# [Source data]
►

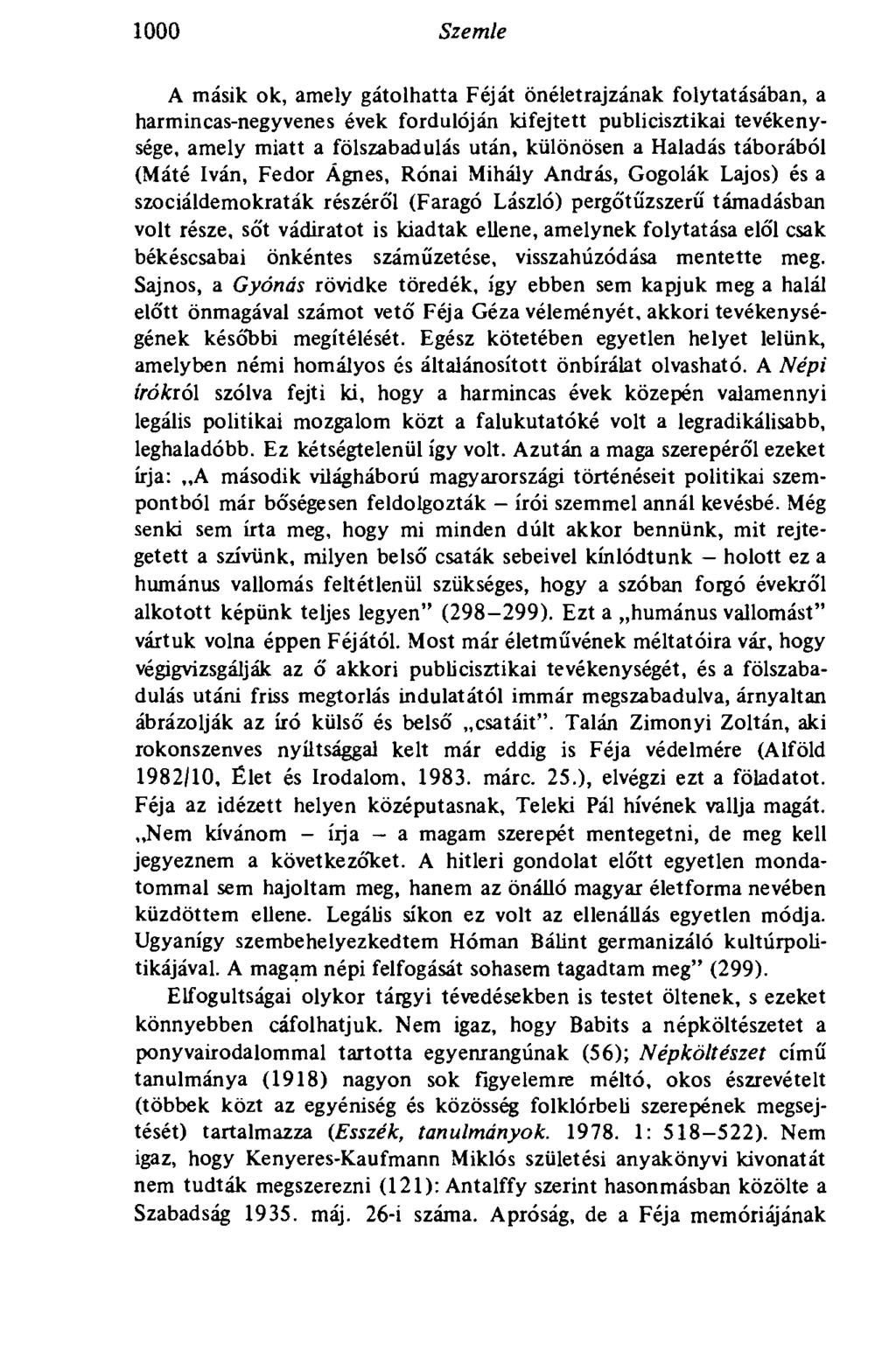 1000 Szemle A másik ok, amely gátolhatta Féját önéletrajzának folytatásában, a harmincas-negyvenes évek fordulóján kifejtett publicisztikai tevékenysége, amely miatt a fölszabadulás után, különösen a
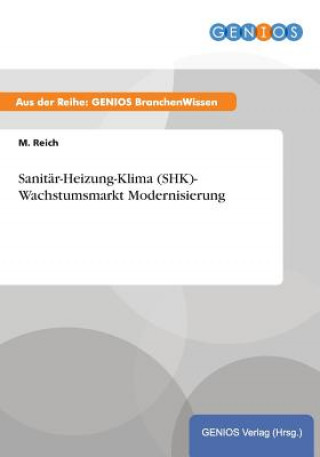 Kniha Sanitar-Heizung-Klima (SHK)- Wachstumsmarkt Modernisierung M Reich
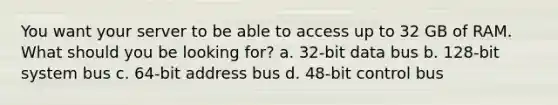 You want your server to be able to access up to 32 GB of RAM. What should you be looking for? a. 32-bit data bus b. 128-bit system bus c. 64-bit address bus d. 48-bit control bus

◄
►

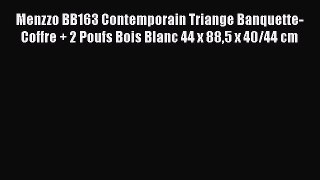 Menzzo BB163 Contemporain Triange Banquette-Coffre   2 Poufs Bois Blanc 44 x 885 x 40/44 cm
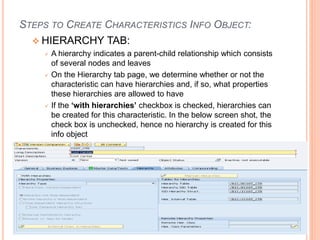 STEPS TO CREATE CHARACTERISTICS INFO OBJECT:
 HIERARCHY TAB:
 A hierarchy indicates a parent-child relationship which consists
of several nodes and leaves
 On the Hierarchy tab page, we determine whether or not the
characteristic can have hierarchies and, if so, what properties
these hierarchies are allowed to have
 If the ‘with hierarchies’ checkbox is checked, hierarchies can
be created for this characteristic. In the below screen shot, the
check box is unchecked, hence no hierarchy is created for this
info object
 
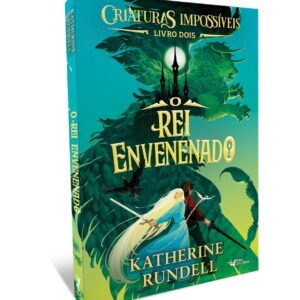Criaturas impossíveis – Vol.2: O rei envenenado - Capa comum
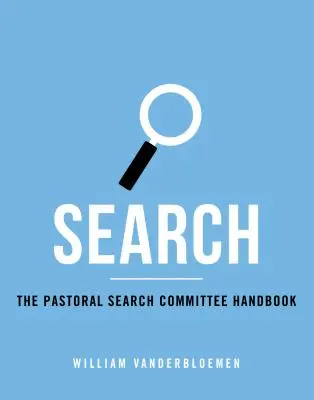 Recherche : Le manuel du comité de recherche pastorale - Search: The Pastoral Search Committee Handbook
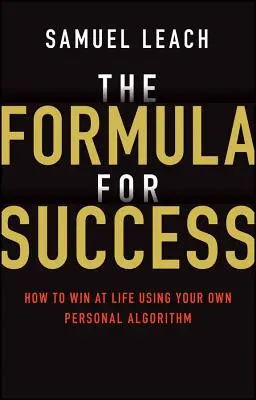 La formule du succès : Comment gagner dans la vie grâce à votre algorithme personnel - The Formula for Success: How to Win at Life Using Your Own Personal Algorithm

◄
►

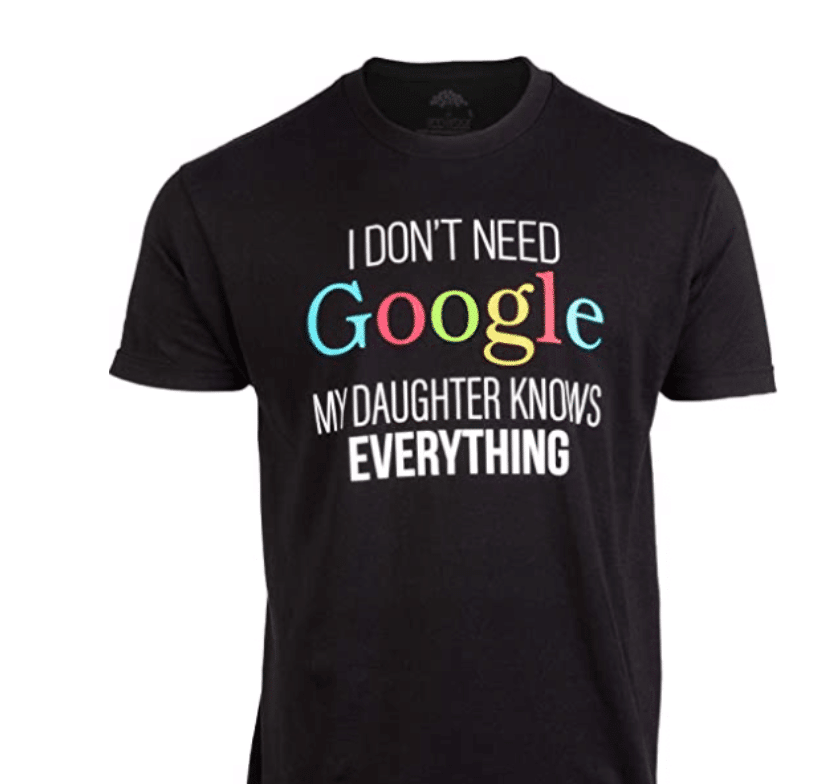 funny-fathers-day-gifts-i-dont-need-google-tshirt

◄

# [Exercise goal]
From the entries above, work out how many lines include "created"; the number is the only answer wanted.

# [Your solution]
2